So I met with my little trainer gal (LTG) today. She's darling. She's perky. She's like 12. She calls me ma'am. And I'll bet my eating a big bowl of lima beans that she doesn't have an ounce of cellulite anywhere on her body. I freaking HATE lima beans. I'd rather eat just about anything in the world. Except maybe hot dogs. Don't ask. I can't explain it. It's just one of those things.
So anyway, I meet up with LTG at 10 this morning. (It takes me an hour to drop the Hurricane off at school and convince her that she wants to stay and play. For some reason, she's always sure that she doesn't. Never mind that on Wednesdays, when HRH goes to Pre-K and Hurricane is with me, she gripes at me all day about "why come tister go to school and me not get to?" She's nuts.
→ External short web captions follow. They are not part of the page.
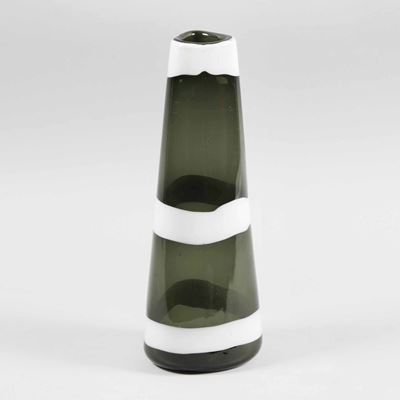 Fulvio Bianconi (1915-1996) Venini, Murano, 1951 Ca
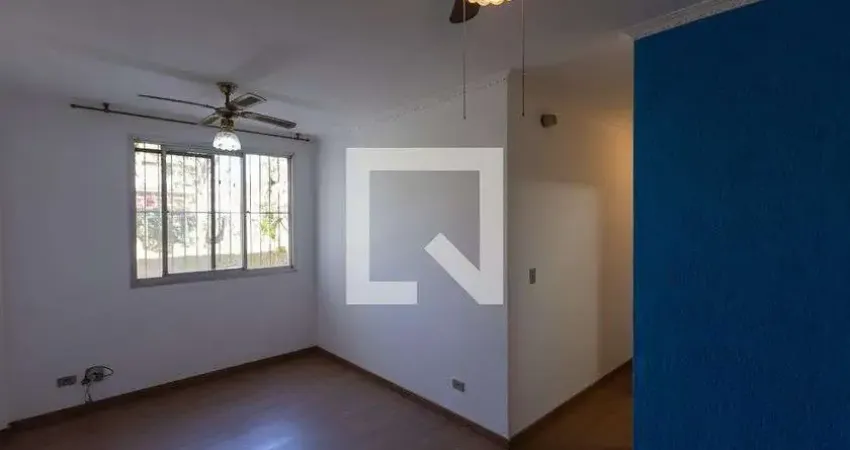 Apartamento para Aluguel - Jardim Marajoara , 3 Quartos,  70 m² - São Paulo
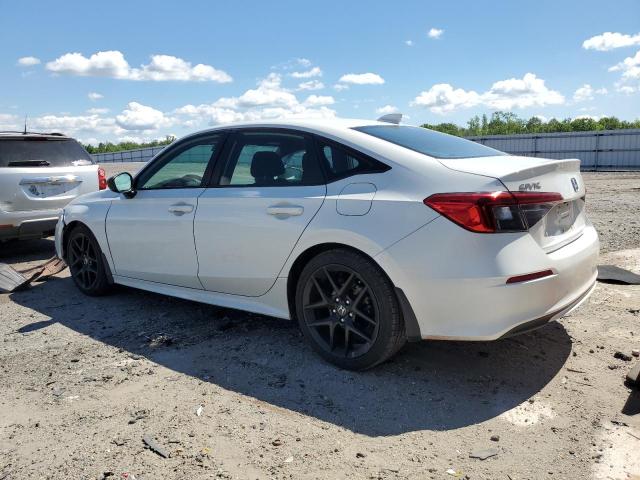 Vin: 2hgfe2f55nh568291, lot: 56222715, honda civic sport 20222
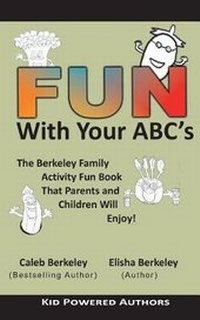Enlarge image Cover: Fun with Your ABCs - CM Berkeley Media Group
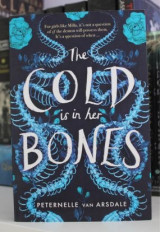 The Cold Is in Her Bones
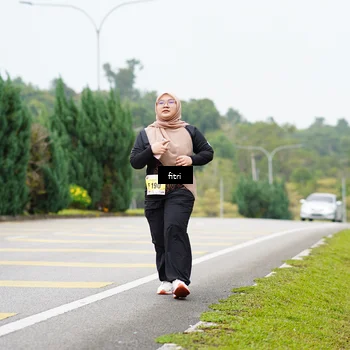 Runner Photo 8492263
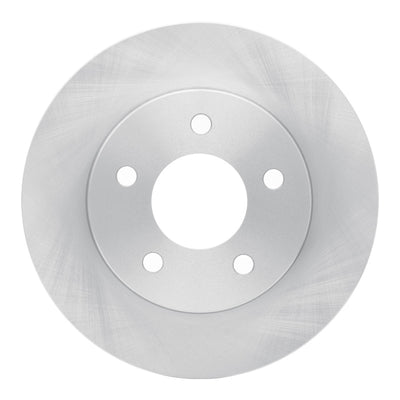 DFC 04-16 Buick LaCrosse Rear Brake Rotor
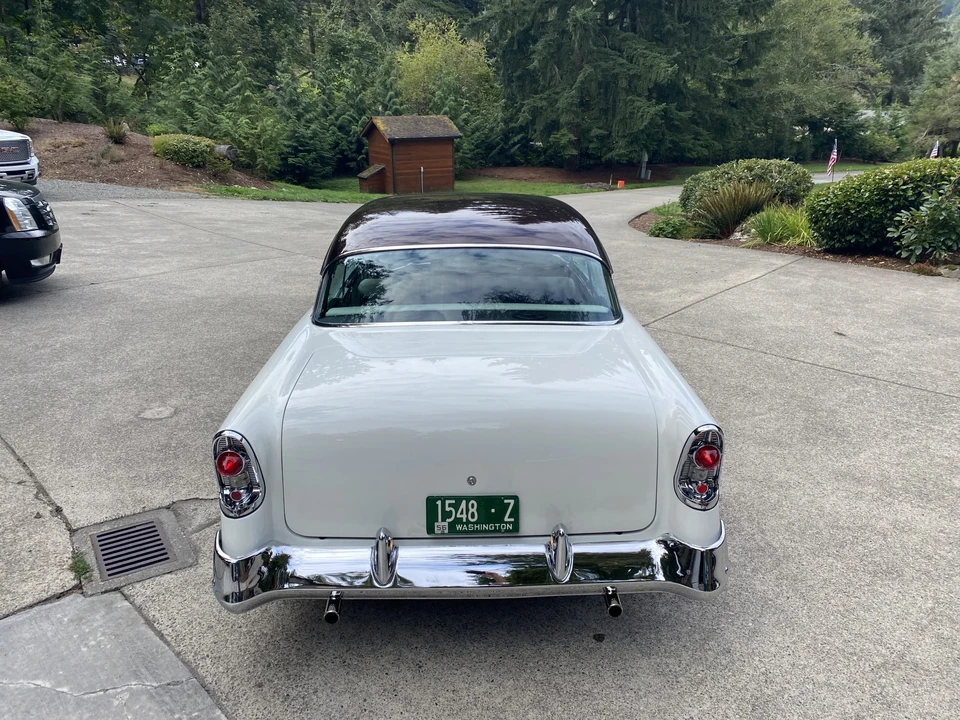 1956 Chevrolet 150 & 210 - Image 21 of 31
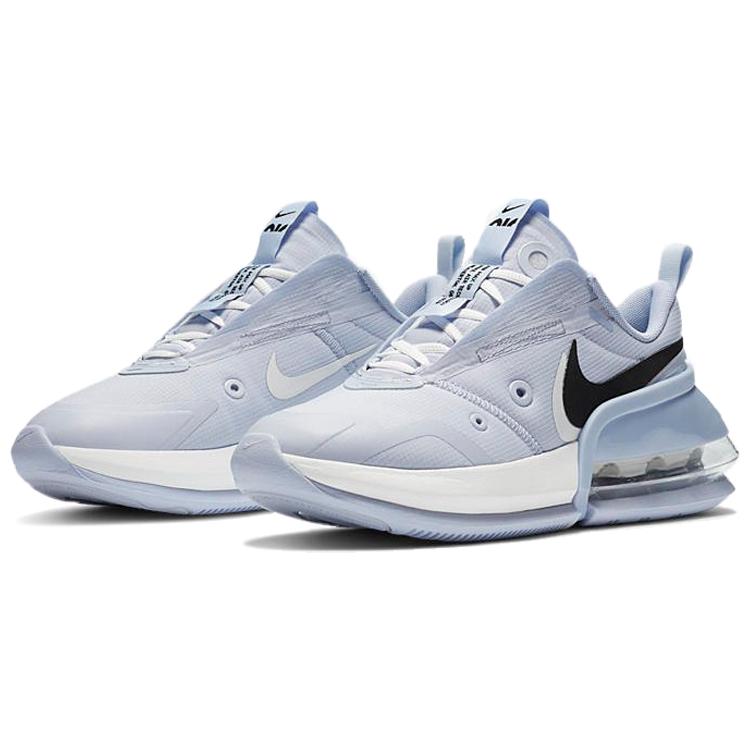 Nike Air Max Up Ghost Black White Женские CK7173-002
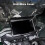Motorcycle Sun Visor Instrument Protector Cover for  800MT 800mt 800 MT 2023 3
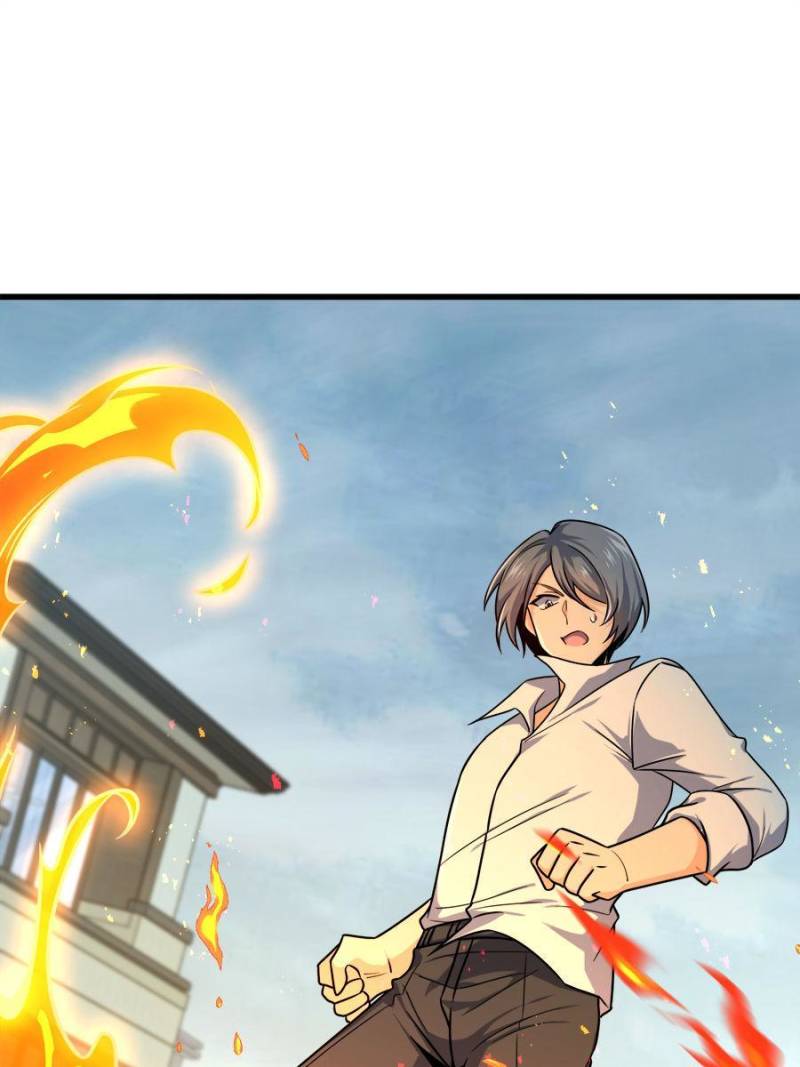 Spare Me, Great Lord! Chapter 334 - 61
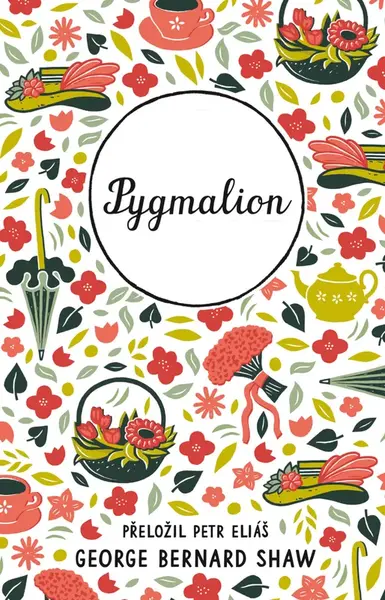 Pygmalion - George Bernard Shaw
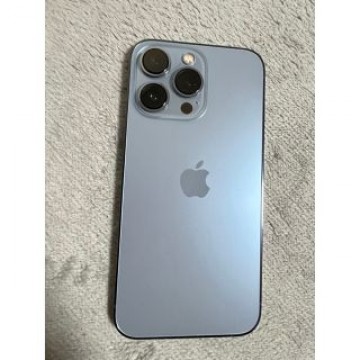 iPhone13pro 256GB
Comes by it honest, though) My friend J was meeting her trainer (let's call her Lucifer) at the same time. OMG I am thanking my lucky stars that I got LTG rather than Lucifer! She's a freaking monster! J works her rear off. She's so much more dedicated than me. I'd stop going and start screening phone calls. LTG is a doll, she has me fill out paperwork about why I'm there.
* Reason for starting an exercise regimen : to shut my husband up.
* What was your reason for stopping previous exercise regimen : apathy and I never liked my shoes.
* What would you like to accomplish with this exercise regimen : world peace, my children sleeping, $2/gallon gas and fewer dimples on my ass.
* Do you have any physical conditions that would keep you from exercising? : unfortunately, no
* Has a doctor ever warned you against physical activity? : No, but in elementary school Mrs. Carlton told my mother "why bother" when it was time to sign up for dance classes. And I imagine there are countless yoga instructors who will want to throw me out of their nice, peaceful classes b/c I can't keep my trap shut.
And so on and so forth. LTG seemed to be amused, but all answers were the truth! She set a goal for me to work out 3-4 times a week for 20 minutes. WHOA there Nelly! Prince Charming has been busting my butt for 40 minutes on the elliptical this week! I've been hoodwinked!!! I SO cannot wait for him to get home from this latest trip so I can tell him I have it on authority I shouldn't go more than 20 minutes now. :) :) :) She then proceeds to show me around the cardio room. (listen to me all throwing out the lingo like I'm all that! Are you impressed?) I heard "this is the treadmill, you push this big green button to get going". Seriously? Do I look that dumb? Did I fall down walking down the hall to meet you? What's up with that? So I say "Oh! You mean the one that says 'start'?" Just to make her aware that I can read. Then I met my old buddy the elliptical. I told LTG that we were friends. I'm not sure Elliptical is doing anything for my glutes even though I'm doing glute workouts, though, b/c I'm not sore at ALL. Maybe I'm doing it wrong, which might justify LTG treating me a little like an idiot.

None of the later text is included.